The major stumbling block to the use of carbon nanotubes in electronics has been the inability to produce carbon nanotubes that are chemically pure enough to function in electronics. University of Illinois at Urbana Champaign professor John Rogers and colleagues have developed a simple and cheap method of producing carbon nanotubes that are 99.999 percent pure. This level of purity makes the nanotubes functionally efficient for higher speed electronics.
The researchers developed a method that makes high purity sheets of nanotubes possible and can allow the extraction of a single microscopic nanotube from an array of nanotubes. The method deposits an organic layer on top of a sheet of nanotubes that is attached to a metallic layer. Applying an electric current to the combination of layers identifies the nanotubes that are contaminated by metals. Nanotubes that contain metal are not semiconducting. The point of using carbon nanotubes is the enhanced semiconducting capacity of carbon nanotubes.

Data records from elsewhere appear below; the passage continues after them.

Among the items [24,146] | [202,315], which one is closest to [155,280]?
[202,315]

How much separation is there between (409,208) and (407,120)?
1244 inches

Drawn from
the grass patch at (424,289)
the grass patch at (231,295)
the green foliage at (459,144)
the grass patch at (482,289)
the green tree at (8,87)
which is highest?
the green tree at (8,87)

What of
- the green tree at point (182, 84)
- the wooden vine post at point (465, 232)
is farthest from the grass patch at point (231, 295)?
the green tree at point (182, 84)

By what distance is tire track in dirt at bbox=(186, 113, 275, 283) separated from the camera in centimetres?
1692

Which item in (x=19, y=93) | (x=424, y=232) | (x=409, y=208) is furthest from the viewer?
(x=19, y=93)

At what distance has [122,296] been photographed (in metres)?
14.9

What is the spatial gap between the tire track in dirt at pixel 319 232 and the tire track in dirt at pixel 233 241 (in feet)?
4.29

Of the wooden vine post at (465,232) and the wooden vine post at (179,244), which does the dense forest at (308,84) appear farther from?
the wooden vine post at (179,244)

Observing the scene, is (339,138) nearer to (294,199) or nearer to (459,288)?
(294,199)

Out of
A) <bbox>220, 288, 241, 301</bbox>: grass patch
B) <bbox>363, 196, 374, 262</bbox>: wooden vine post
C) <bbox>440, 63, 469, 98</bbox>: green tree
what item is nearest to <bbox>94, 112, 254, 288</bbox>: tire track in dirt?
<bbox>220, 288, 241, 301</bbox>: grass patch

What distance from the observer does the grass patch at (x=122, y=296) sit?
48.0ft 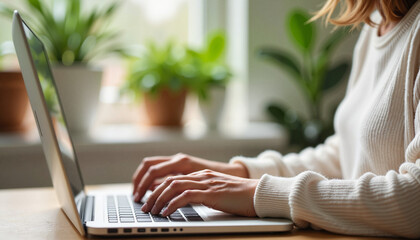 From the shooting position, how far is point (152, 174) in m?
0.93

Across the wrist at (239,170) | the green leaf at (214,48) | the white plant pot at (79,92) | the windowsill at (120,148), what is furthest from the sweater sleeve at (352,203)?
the green leaf at (214,48)

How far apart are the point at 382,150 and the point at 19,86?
123 centimetres

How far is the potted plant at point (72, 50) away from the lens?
66.2 inches

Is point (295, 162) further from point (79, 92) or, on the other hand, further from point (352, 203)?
point (79, 92)

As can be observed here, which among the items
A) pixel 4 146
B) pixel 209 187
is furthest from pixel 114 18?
pixel 209 187

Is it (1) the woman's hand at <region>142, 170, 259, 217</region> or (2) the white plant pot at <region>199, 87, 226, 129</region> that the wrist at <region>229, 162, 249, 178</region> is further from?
(2) the white plant pot at <region>199, 87, 226, 129</region>

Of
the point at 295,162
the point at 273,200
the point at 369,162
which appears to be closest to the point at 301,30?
the point at 295,162

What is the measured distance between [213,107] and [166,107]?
0.58 feet

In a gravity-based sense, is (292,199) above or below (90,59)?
below

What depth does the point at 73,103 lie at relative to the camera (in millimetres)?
1703

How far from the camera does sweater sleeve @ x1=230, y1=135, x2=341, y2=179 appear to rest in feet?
3.23

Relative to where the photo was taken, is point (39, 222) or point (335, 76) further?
point (335, 76)

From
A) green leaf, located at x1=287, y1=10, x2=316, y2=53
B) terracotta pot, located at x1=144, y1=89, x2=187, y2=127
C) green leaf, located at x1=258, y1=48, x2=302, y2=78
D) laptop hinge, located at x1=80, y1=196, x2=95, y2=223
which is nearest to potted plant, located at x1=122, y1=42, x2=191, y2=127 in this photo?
terracotta pot, located at x1=144, y1=89, x2=187, y2=127

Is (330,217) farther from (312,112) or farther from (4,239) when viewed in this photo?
(312,112) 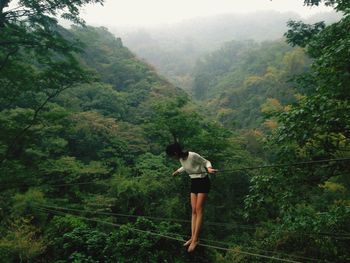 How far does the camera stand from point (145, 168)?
2088cm

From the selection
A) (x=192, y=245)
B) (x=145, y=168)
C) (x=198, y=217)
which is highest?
(x=145, y=168)

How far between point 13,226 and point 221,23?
14497cm

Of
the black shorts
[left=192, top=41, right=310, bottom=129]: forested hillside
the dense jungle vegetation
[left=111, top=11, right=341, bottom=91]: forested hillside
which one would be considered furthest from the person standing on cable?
[left=111, top=11, right=341, bottom=91]: forested hillside

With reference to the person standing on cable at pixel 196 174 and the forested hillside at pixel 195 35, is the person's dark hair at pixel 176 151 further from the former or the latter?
the forested hillside at pixel 195 35

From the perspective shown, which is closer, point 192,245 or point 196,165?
point 192,245

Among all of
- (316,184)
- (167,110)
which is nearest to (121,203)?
(167,110)

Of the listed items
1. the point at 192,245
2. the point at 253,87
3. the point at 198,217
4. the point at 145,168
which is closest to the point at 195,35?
the point at 253,87

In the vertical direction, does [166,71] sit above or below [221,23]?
below

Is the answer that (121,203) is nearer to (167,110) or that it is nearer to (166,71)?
(167,110)

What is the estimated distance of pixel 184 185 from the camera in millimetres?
17984

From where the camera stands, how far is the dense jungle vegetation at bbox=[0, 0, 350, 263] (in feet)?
21.6

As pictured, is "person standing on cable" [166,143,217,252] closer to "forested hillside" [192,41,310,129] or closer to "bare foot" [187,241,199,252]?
"bare foot" [187,241,199,252]

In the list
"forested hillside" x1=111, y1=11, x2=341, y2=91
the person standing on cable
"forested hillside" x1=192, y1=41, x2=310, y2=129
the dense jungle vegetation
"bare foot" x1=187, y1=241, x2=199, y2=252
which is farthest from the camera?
"forested hillside" x1=111, y1=11, x2=341, y2=91

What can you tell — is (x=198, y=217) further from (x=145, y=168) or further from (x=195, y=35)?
(x=195, y=35) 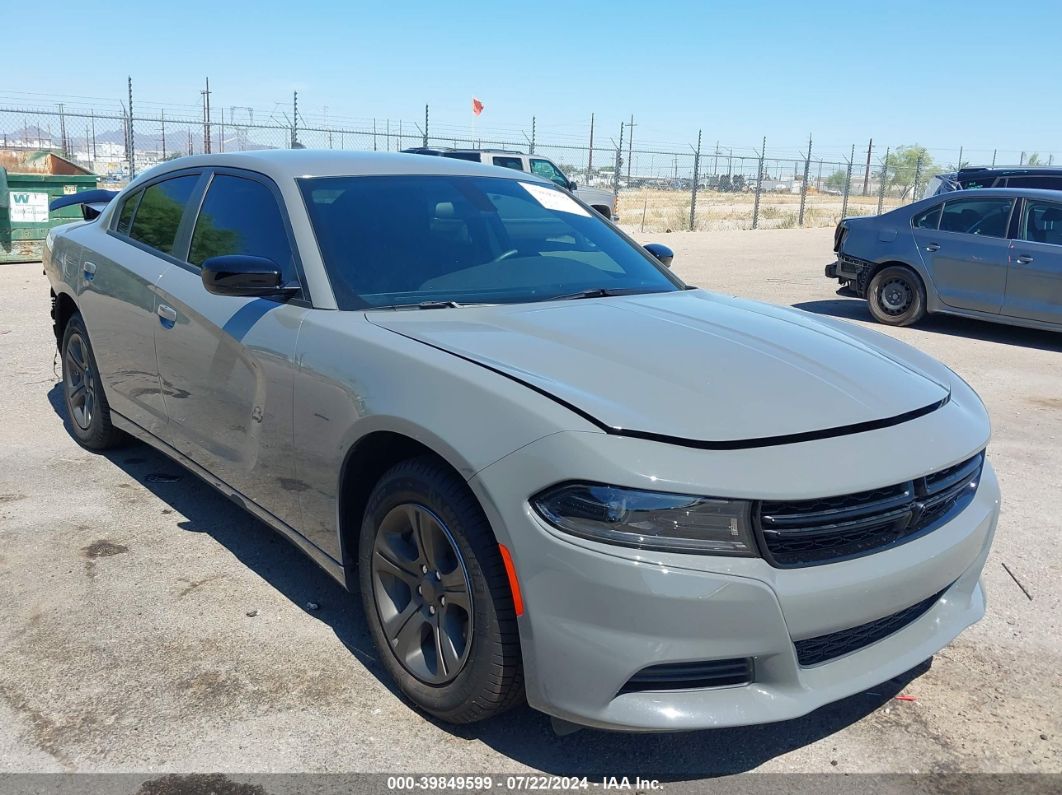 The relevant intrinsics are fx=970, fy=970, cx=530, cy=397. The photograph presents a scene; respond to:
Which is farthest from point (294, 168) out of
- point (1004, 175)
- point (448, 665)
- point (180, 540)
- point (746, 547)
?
point (1004, 175)

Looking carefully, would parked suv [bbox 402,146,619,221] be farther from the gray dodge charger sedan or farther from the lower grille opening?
the lower grille opening

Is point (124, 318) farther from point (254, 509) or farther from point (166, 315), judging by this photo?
point (254, 509)

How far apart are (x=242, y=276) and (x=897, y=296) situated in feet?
28.5

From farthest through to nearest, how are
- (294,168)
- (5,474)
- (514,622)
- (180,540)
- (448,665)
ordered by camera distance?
(5,474) < (180,540) < (294,168) < (448,665) < (514,622)

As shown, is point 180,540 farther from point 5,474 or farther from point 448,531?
point 448,531

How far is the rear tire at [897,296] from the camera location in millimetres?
10188

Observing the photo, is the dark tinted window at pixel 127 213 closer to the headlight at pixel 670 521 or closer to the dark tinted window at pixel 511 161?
the headlight at pixel 670 521

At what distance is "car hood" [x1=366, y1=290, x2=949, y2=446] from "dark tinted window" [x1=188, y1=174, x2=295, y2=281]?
0.68 m

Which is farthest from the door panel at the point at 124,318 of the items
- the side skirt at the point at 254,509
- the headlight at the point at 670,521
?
the headlight at the point at 670,521

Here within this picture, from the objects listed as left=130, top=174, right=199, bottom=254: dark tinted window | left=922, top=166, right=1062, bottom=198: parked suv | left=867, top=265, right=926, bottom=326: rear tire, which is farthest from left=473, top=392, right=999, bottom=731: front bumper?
left=922, top=166, right=1062, bottom=198: parked suv

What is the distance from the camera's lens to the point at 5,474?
4945mm

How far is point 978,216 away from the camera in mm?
9781

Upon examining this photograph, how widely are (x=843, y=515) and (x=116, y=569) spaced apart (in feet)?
9.41

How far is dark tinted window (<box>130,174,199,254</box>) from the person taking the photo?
4387 millimetres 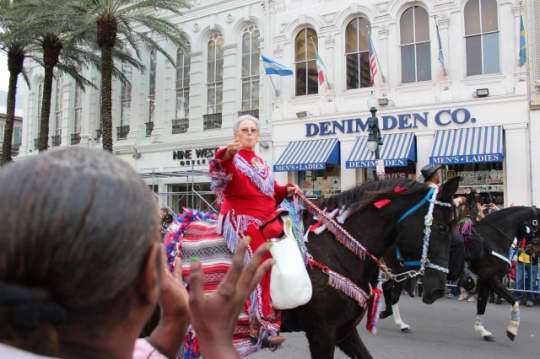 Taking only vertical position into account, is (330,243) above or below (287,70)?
below

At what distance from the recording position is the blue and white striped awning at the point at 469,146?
1316cm

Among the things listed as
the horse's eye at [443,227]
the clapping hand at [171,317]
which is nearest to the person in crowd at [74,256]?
the clapping hand at [171,317]

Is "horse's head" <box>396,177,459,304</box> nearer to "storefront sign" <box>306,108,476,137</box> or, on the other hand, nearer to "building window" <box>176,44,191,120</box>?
"storefront sign" <box>306,108,476,137</box>

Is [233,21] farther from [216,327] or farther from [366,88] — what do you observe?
[216,327]

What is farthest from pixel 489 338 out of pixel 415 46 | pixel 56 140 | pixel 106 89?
pixel 56 140

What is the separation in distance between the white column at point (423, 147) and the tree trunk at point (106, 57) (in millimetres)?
10910

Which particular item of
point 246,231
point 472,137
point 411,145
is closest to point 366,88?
point 411,145

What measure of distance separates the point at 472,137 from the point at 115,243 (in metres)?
14.6

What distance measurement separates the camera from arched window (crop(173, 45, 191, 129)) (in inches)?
796

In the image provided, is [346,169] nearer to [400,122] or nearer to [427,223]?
[400,122]

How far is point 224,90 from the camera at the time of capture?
1905 cm

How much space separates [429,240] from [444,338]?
149 inches

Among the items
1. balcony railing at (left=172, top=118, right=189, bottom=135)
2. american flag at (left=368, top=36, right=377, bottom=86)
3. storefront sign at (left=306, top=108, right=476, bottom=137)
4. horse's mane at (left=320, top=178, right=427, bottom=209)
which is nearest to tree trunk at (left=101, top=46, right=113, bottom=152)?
balcony railing at (left=172, top=118, right=189, bottom=135)

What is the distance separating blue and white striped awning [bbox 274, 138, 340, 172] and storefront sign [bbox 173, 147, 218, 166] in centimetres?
345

The nanotubes that are contaminated with metal can be etched out of the array and the organic top coat can be removed with a chemical bath leaving pure carbon nanotubes. The method is inexpensive and scaleable to industrial sized capacities. The researchers proved their method works by constructing an array of transistors from the purified carbon nanotubes. The high speed transistors functioned as expected. This development is the last step needed in making carbon nanotubes a realistic replacement for silicon in all electronic devices. The added speed of transmission is the driving concept behind carbon nanotubes.